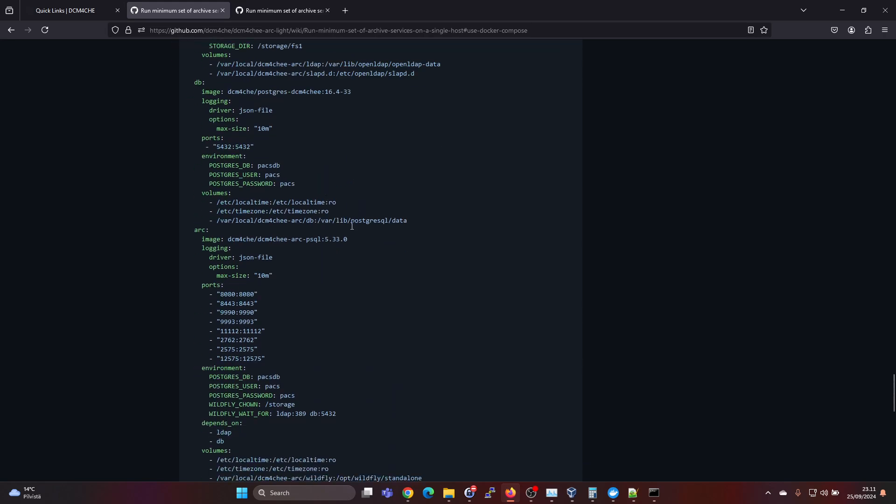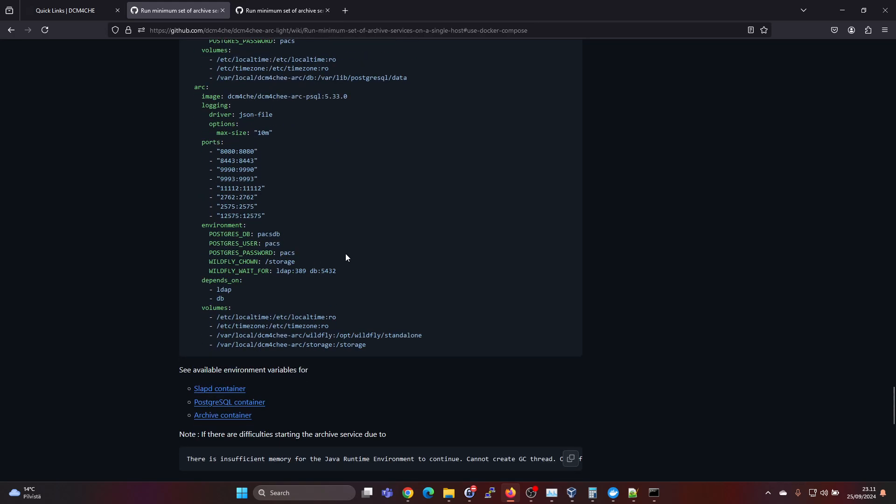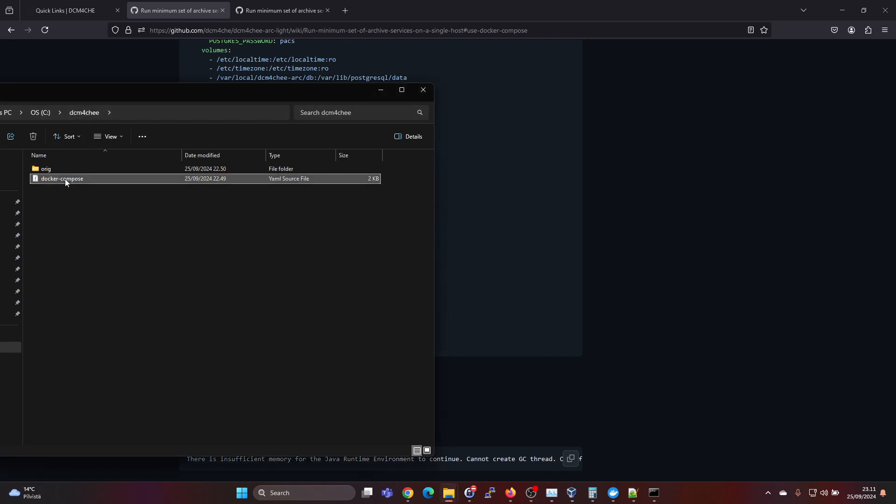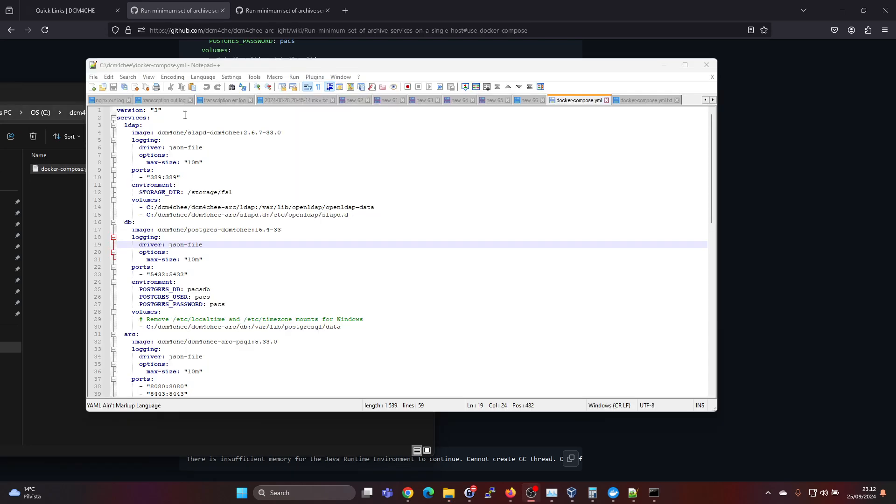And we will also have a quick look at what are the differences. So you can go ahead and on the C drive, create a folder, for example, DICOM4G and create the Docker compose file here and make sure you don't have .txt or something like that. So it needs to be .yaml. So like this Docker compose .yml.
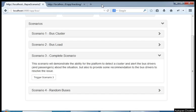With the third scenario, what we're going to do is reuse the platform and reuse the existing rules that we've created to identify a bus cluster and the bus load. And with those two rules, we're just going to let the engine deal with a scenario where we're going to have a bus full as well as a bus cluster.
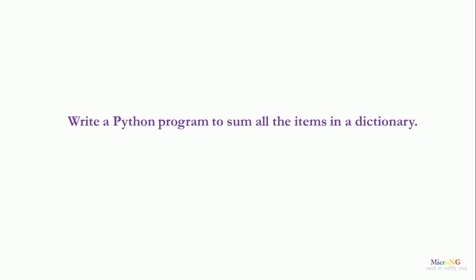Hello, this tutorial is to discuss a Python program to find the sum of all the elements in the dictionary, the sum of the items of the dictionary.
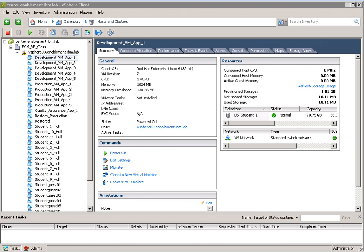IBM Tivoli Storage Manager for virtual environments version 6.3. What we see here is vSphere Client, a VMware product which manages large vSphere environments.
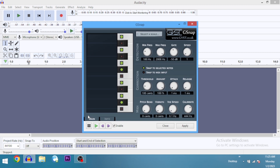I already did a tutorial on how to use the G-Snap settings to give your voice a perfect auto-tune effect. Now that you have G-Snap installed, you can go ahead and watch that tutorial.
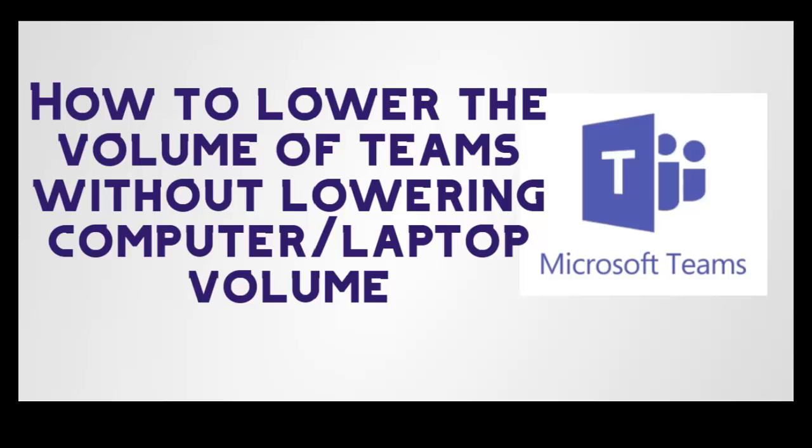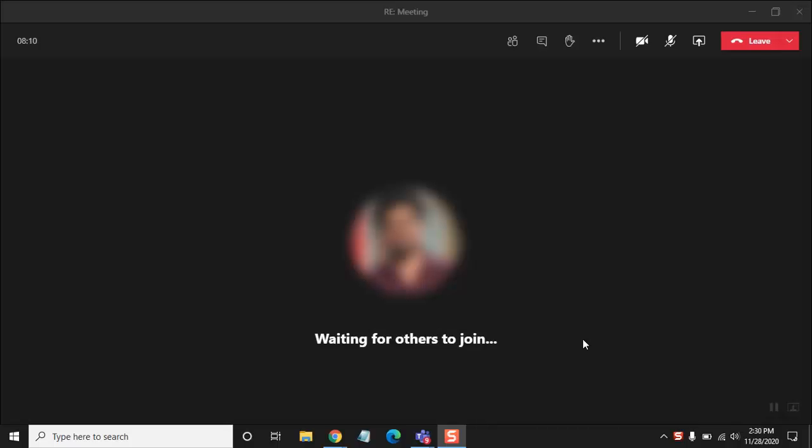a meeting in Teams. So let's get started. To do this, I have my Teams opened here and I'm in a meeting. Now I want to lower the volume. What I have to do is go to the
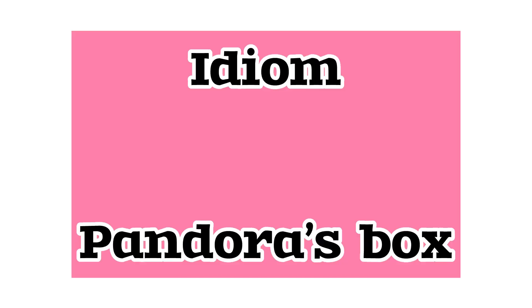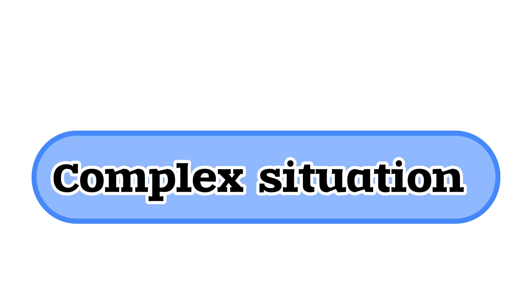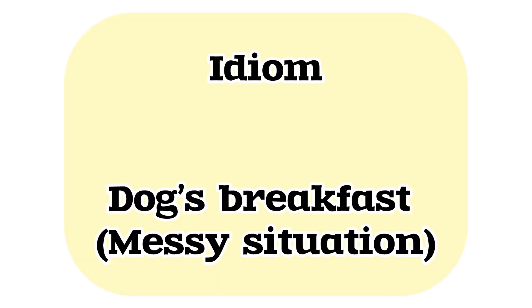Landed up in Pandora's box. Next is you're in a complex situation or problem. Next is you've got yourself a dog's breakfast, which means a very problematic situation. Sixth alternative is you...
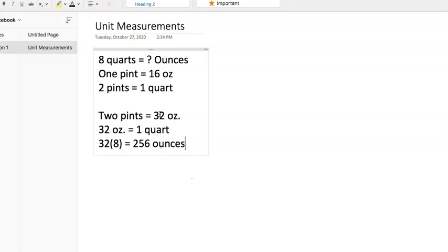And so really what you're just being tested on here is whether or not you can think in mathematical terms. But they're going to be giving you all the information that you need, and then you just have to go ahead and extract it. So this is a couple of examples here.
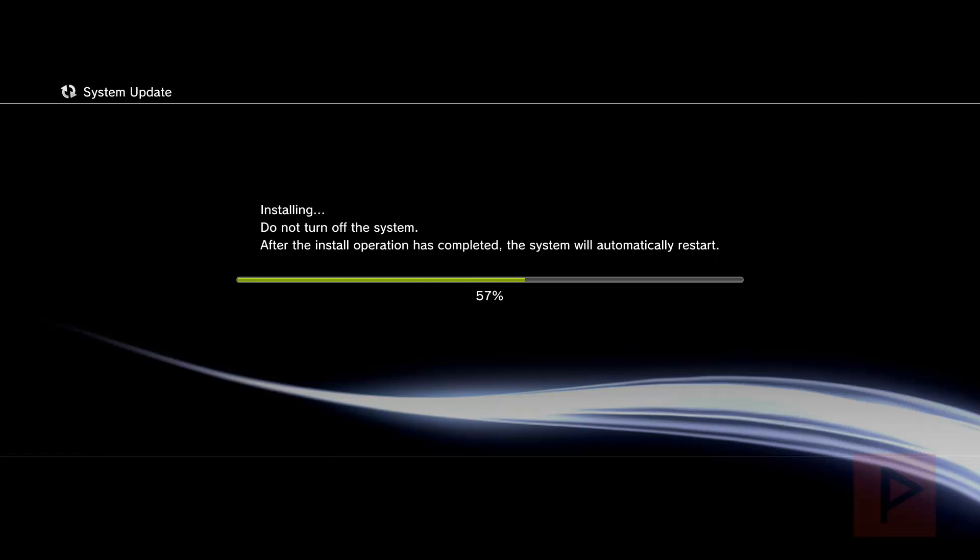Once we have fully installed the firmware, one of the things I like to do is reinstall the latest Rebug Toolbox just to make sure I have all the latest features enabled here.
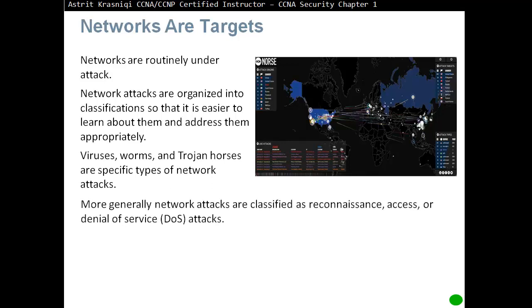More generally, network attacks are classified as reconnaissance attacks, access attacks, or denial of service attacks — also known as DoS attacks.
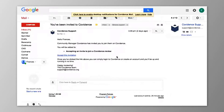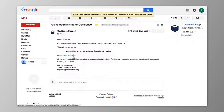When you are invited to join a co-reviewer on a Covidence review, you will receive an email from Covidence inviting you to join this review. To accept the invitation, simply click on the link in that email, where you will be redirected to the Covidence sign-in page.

◆ What is needed
Only the pictures are to be left out; copy all the remaining material above exactly.

◆ Solution for this exercise
And we will also have a quick look at what are the differences. So you can go ahead and on the C drive, create a folder, for example, DICOM4G and create the Docker compose file here and make sure you don't have .txt or something like that. So it needs to be .yaml. So like this Docker compose .yml.
With the third scenario, what we're going to do is reuse the platform and reuse the existing rules that we've created to identify a bus cluster and the bus load. And with those two rules, we're just going to let the engine deal with a scenario where we're going to have a bus full as well as a bus cluster.
Hello, this tutorial is to discuss a Python program to find the sum of all the elements in the dictionary, the sum of the items of the dictionary.
IBM Tivoli Storage Manager for virtual environments version 6.3. What we see here is vSphere Client, a VMware product which manages large vSphere environments.
I already did a tutorial on how to use the G-Snap settings to give your voice a perfect auto-tune effect. Now that you have G-Snap installed, you can go ahead and watch that tutorial.
a meeting in Teams. So let's get started. To do this, I have my Teams opened here and I'm in a meeting. Now I want to lower the volume. What I have to do is go to the
Landed up in Pandora's box. Next is you're in a complex situation or problem. Next is you've got yourself a dog's breakfast, which means a very problematic situation. Sixth alternative is you...
And so really what you're just being tested on here is whether or not you can think in mathematical terms. But they're going to be giving you all the information that you need, and then you just have to go ahead and extract it. So this is a couple of examples here.
Once we have fully installed the firmware, one of the things I like to do is reinstall the latest Rebug Toolbox just to make sure I have all the latest features enabled here.
More generally, network attacks are classified as reconnaissance attacks, access attacks, or denial of service attacks — also known as DoS attacks.
When you are invited to join a co-reviewer on a Covidence review, you will receive an email from Covidence inviting you to join this review. To accept the invitation, simply click on the link in that email, where you will be redirected to the Covidence sign-in page.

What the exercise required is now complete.